Vous avez accepté notre proposition de renommer les stages en stages de « responsabilisation à la lutte contre le harcèlement » mais, pour nous, il est primordial qu'ils soient proposés en amont d'une saisine par la justice et qu'ils soient envisagés avant tout comme des outils de prévention. En effet, sans un travail en profondeur, la souffrance des victimes ne sera pas réparée et la prise de conscience du harceleur ne se fera pas. Combien de victimes ont dû se retrouver face à leurs harceleurs lors d'invraisemblables confrontations, qui traduisent les difficultés qu'ont certains personnels à appréhender le sujet ? La Défenseure des droits a d'ailleurs relevé cet écueil.

Nous ne sommes pas favorables au renforcement de la répression et nous craignons que l'inscription, dans le même texte, de procédures à l'encontre d'adultes soit source de confusion. Le harcèlement, lorsqu'il est le fait d'enseignants ou d'adultes, est un délit grave qui doit être puni.

N'oublions pas non plus que si les enseignants peinent à dépister des symptômes de harcèlement dans une classe perturbée ou dans un climat scolaire difficile, ce n'est souvent pas lié à un renoncement de leur part mais à une difficulté à repérer – les enseignants, chahutés, subissant eux aussi des formes de harcèlement.

Le rôle des adultes dans ce combat quotidien et ô combien nécessaire nous concerne tous. Vous abordez dans ce texte la responsabilité des plateformes ; elles jouent en effet un rôle d'amplificateur qu'elles doivent assumer. Cependant, l'obligation que vous inscrivez risque fort de rester un vœu pieux. Il y a trop d'exemples d'injonctions qui leur sont faites et ne sont suivies d'aucune réponse concrète pour penser que l'article 7 résoudra la question.

Vous avez introduit les acteurs incontournables que sont les parents dans votre texte sans accepter, cependant, qu'ils soient partie prenante des actions de formation ; nous le regrettons. Enfin, nous déplorons toujours et encore l'absence de moyens donnés aux personnels éducatifs et aux personnels de la santé scolaire, dont nous ne cessons de dénoncer la pénurie. Comment imaginer que l'on pourra associer les infirmières et les médecins scolaires à la lutte contre le harcèlement alors que faute de moyens, nous le savons tous, ils ne sont même pas en mesure d'exercer leurs missions au quotidien ?

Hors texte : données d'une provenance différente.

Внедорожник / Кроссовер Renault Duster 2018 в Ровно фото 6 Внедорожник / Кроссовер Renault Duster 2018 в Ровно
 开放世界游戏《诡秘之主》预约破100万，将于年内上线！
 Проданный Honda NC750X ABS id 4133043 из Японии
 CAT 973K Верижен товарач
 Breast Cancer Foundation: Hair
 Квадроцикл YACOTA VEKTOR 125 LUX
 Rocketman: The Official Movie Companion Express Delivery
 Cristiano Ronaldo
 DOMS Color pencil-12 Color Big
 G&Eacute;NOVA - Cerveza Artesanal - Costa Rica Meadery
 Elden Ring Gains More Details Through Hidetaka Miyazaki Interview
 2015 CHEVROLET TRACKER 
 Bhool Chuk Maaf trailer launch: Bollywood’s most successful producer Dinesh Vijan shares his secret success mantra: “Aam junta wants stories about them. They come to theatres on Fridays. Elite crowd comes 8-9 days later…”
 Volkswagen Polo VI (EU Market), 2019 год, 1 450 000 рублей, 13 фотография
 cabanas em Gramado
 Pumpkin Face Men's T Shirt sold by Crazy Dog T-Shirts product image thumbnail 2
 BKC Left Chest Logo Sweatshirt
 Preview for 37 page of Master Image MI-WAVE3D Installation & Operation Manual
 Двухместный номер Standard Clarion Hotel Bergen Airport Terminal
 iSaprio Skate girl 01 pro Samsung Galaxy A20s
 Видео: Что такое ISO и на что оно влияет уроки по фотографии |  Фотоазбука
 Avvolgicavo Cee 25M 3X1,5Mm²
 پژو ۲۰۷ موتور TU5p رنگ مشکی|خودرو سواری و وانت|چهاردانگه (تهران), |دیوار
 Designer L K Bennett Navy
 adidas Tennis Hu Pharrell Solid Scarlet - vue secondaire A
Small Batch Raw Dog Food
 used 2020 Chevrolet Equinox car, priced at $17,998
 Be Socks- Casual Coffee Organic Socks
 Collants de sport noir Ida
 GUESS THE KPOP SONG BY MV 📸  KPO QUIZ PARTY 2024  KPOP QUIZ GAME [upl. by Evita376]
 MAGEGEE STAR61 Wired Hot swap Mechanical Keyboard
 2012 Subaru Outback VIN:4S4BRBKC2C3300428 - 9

Le législateur ne peut pas tout ; gardons-nous de voter des lois d'émotion. L'intention qui inspire ce texte est louable et ne peut provoquer qu'émoi et sympathie. Les socialistes sont engagés de longue date sur ces questions, mais il n'est pas certain que la création d'un nouveau délit aboutisse à mieux punir les auteurs des faits, ni à mieux prendre en charge les victimes. Nous craignons fort qu'au-delà du signal, il ne s'agisse que d'un effet d'annonce.